Il apparaît donc clairement que ni la première décision ni la seconde ne font référence aux origines ethniques de l’accusé. Peut-être est-il nécessaire de préciser ici qu’il importe peu de déterminer si l’accusé était effectivement arabe ou non – là n’est pas la question. Même s’il l’était, il n’en demeure pas moins qu’il était erroné de laisser entendre, comme le fait le chroniqueur, que la décision rendue par la juge Verreault avait pris en compte les origines arabes de l’accusé, car ce n’est manifestement pas le cas.
Pour toutes ces raisons, le grief est retenu sur ce point.
2.2 Relation filiale entre l’accusé et sa victime
M. Jabre juge également qu’ils « induisent les lecteurs en erreur » en affirmant que l’homme « avait sodomisé sa fille », puisque l’accusé était en fait le beau-père de la victime, et non son père.
Les membres du comité des plaintes donnent, ici aussi, raison au plaignant. De fait, dans sa décision, la juge Verreault rappelle clairement que la victime était « l’enfant de l’épouse de l’accusé, ou plutôt disons que l’accusé est l’époux de la mère de la victime ». Autrement dit, il n’était pas son père et elle n’était pas sa fille.
Le grief est retenu sur ce point.
2.3 Citation inventée
Aux yeux des membres du comité des plaintes, la gravité de ces deux fautes d’inexactitude est amplifiée du fait qu’elle découle, en partie du moins, d’une citation que le chroniqueur a inventé de toutes pièces et qu’il attribue dans son texte à la juge Verreault, lorsqu’il lui fait dire, guillemets à l’appui : « “Dans leur culture, la virginité est très importante, et en ne la pénétrant pas dans le vagin, l’homme a préservé la virginité de sa fille”, a-t-elle dit. » Nulle part, dans la transcription sténographique de la décision de cette dernière, ne retrouve-t-on ce passage.

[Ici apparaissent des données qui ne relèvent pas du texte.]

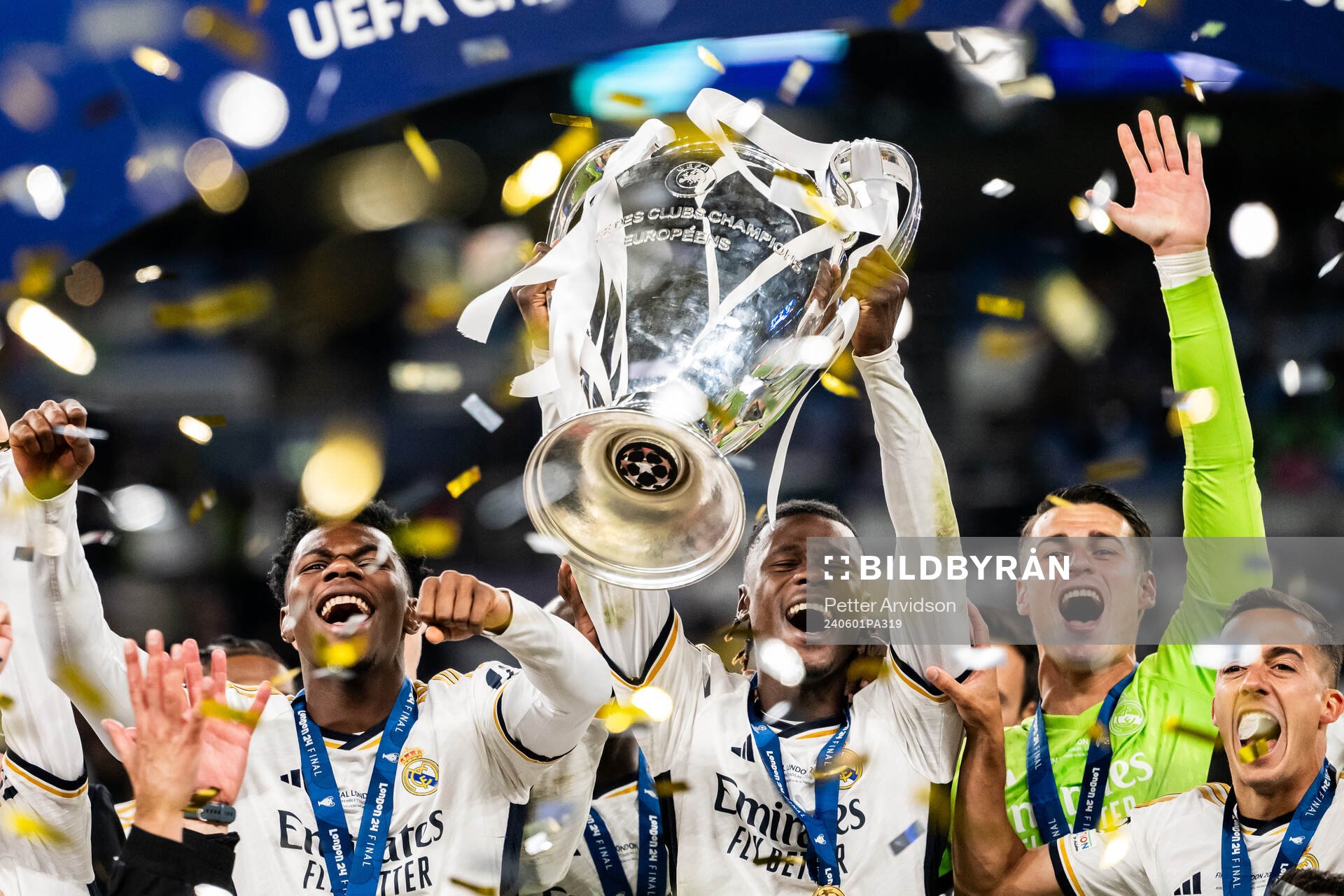 Eduardo Camavinga of Real Madrid lifts the trophy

Il semble plutôt que cette citation inventée soit une paraphrase très approximative de ce passage de la transcription : « Les facteurs atténuants sont l’absence… pardon, le fait que l’accusé n’ait pas eu de relations sexuelles normales et complètes avec la victime, c’est-à-dire des relations sexuelles vaginales, pour être plus précis, de sorte que celle-ci puisse préserver sa virginité, ce qui semble être une valeur très importante dans leurs religions respectives. On peut donc dire que, d’une certaine façon et à cet égard, l’accusé a ménagé la victime. »
Le comité note donc l’absence de référence à la « culture » de l’accusé, à ses origines arabes ou encore au fait que la victime était sa fille dans la citation originale.
Le grief est donc retenu sur ce point.
Pour toutes ces raisons, le grief pour informations inexactes est retenu.
Grief 3 : omission de publier un correctif et refus de publication
3.1 Omission de publier un correctif
M. Jabre fait valoir que les mis en cause ont l’obligation d’apporter un correctif aux manquements qu’il a relevés. Appelé à préciser par quels moyens il avait tenté de joindre le média, le plaignant a envoyé au Conseil une retranscription de trois commentaires qu’il aurait tenté de faire publier au bas de l’article de M. Martineau, sur le site Internet du Journal de Montréal. Ces commentaires reprochaient au texte les mêmes griefs portés devant le Conseil de presse du Québec.
En matière de correction des erreurs, le Guide précise, à l’article 27.1 (Correction des erreurs) : « Les journalistes et les médias d’information corrigent avec diligence leurs manquements et erreurs, que ce soit par rectification, rétractation ou en accordant un droit de réplique aux personnes ou groupes concernés, de manière à les réparer pleinement et rapidement. »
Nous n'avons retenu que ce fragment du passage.